Props to Ryan's insane space shoes, which I can't believe I didn't find time to mention elsewhere.
Friends! Romans! Bachelors! Lend me your pride! Thus spake the master orator Chris "What About Us Brain Dead Slobs/You'll Be Given Cushy Jobs" Harrison, who kicks things off in front of the mantel that continually threatens to upstage the poor man, so vanilla-flavored are they both. "Fellas, good morning," he offers, and the low, guttural, apelike response to his call moves me to Windex the stray Y-chromosomes off of my screen so that I may continue enjoying the visual aspects of this exciting new medium called television. Chris: "I wanna introduce to you to two of Meredith's closest friends." Her first friend is not, as we naturally assumed, a Ouija Board with the word "Nana" scrawled across the top in black magic marker, as well it probably should have been. Instead, one of her "closest friends" is last season's runner-up and this season's heavily favored pick for Bachelorette, Kelly Jo, who smiles gamely like the Hooter's girl she should actively consider becoming and gazes around the room with a decided look of "Hands off the horse roper, bitchcakes, I'm roping myself a Lanny before I truck outta Malibu." Meredith's other closest friend is "TJ," who, Chris banters stiltedly, "TJ, who she's been buddies with for, what, eleven years?" TJ looks back at Chris and nods, as if there could have been any other response of the "no, actually, I've only known her for sixteen minutes, having met her on a television set where emotions are synthetically amped up to paint those around you as caricatures by which they are either your worst enemies or their so-called 'closest friends' even though you've never met her parents and don't know her middle name or her CULINARY SCHOOL AMBITIONS, as is the case here with my partner in crime, Little Mary Fameshine next to me" variety.

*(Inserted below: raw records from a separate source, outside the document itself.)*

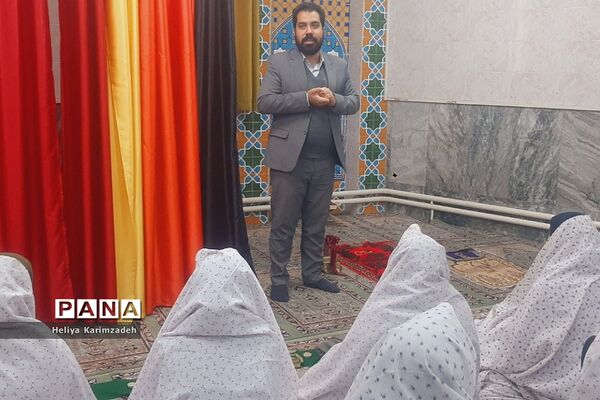 برپایی نماز جماعت در راستای طرح نور چشم در دبیرستان حضرت زینب(س) ناحیه یک شهرری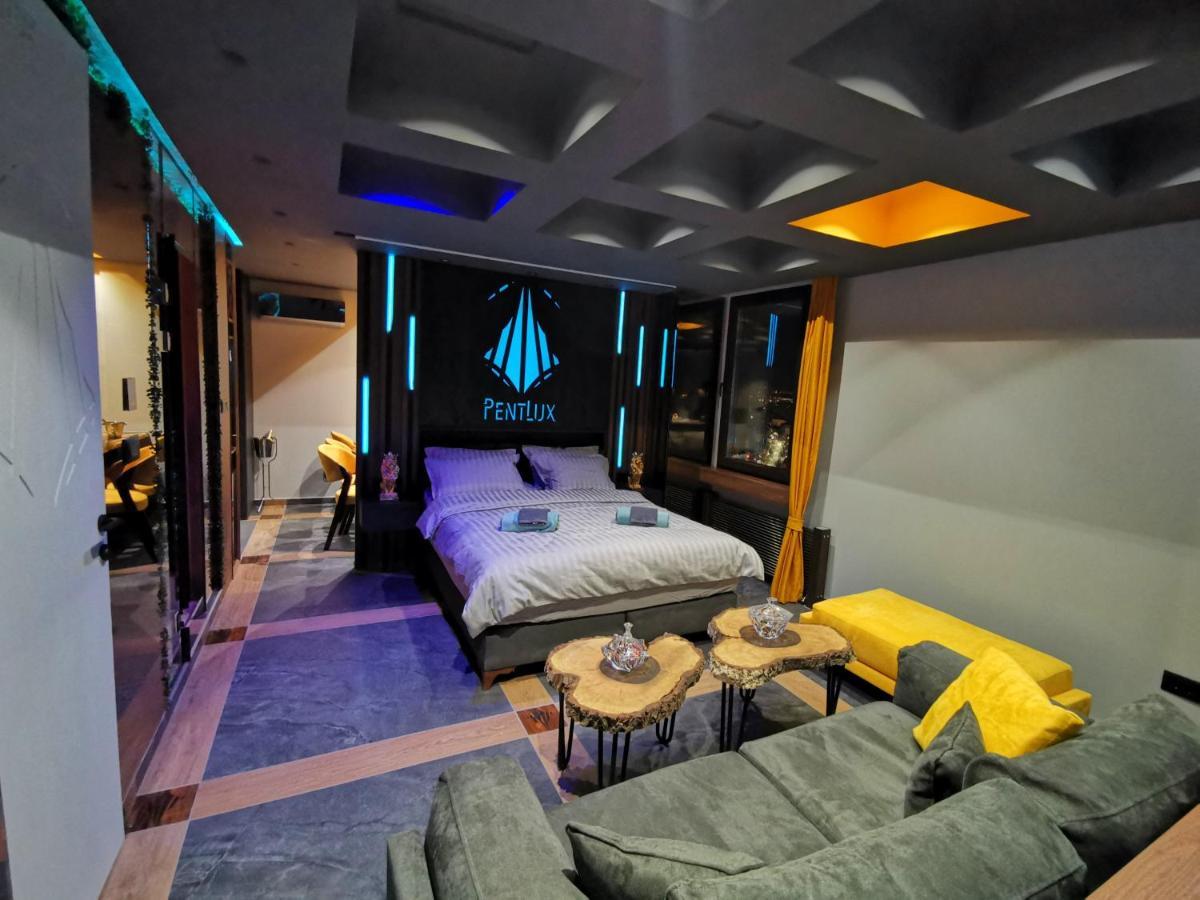 Smart Luxury Penthouse Suites - Private Sauna, Hot-Tub, Home Cinema At The Best Location In Skopje Exterior photo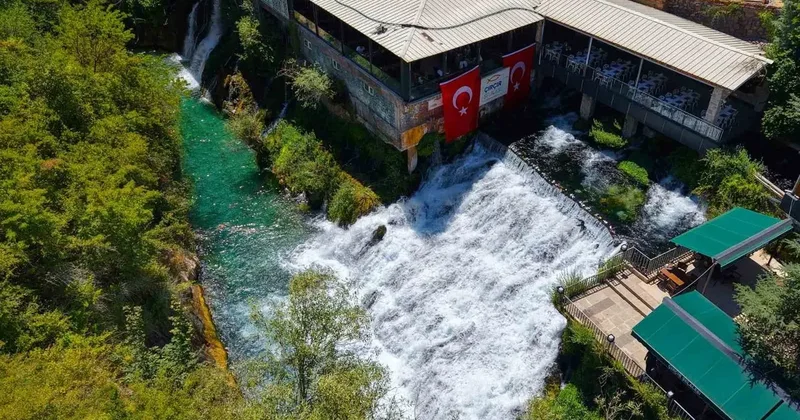 Yıllık yaklaşık 400 bin ziyaretçi ağırlayan Çırçır Şelalesi turkuaz rengiyle dikkat çekiyor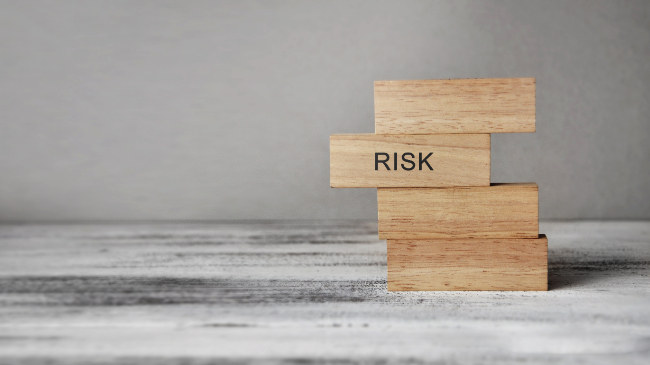 八重歯を放置するリスクのイメージ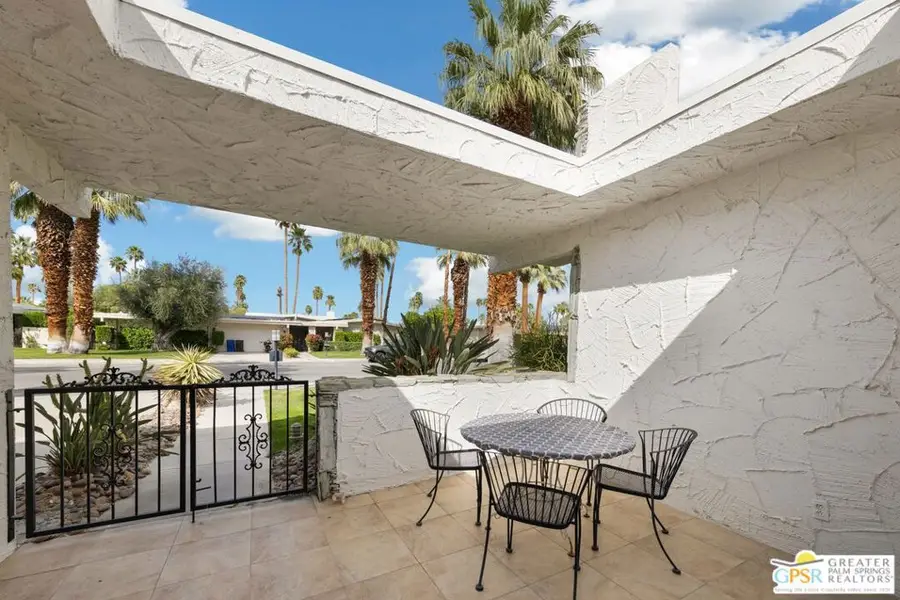 1585 E Sierra Way, Palm Springs, CA 92264 - #2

TJ kicks it first to a confessional, because TJ is getting his first taste in front of the cameras and has actually brought a stopwatch with him on-set to ensure that he gets his full, unadulterated fifteen minutes, whereas Kelly Jo just believes her endless charming appearances on this show and Cold Pizza and Kimmel will last as long as television itself. In her mind, saying that you enjoy television is tantamount to speaking the sentence, "Me, I want to be in the Kelly Jo business, is where I want to be," so she's happy to let newbie TJ get a crack at it and see how it works out for him.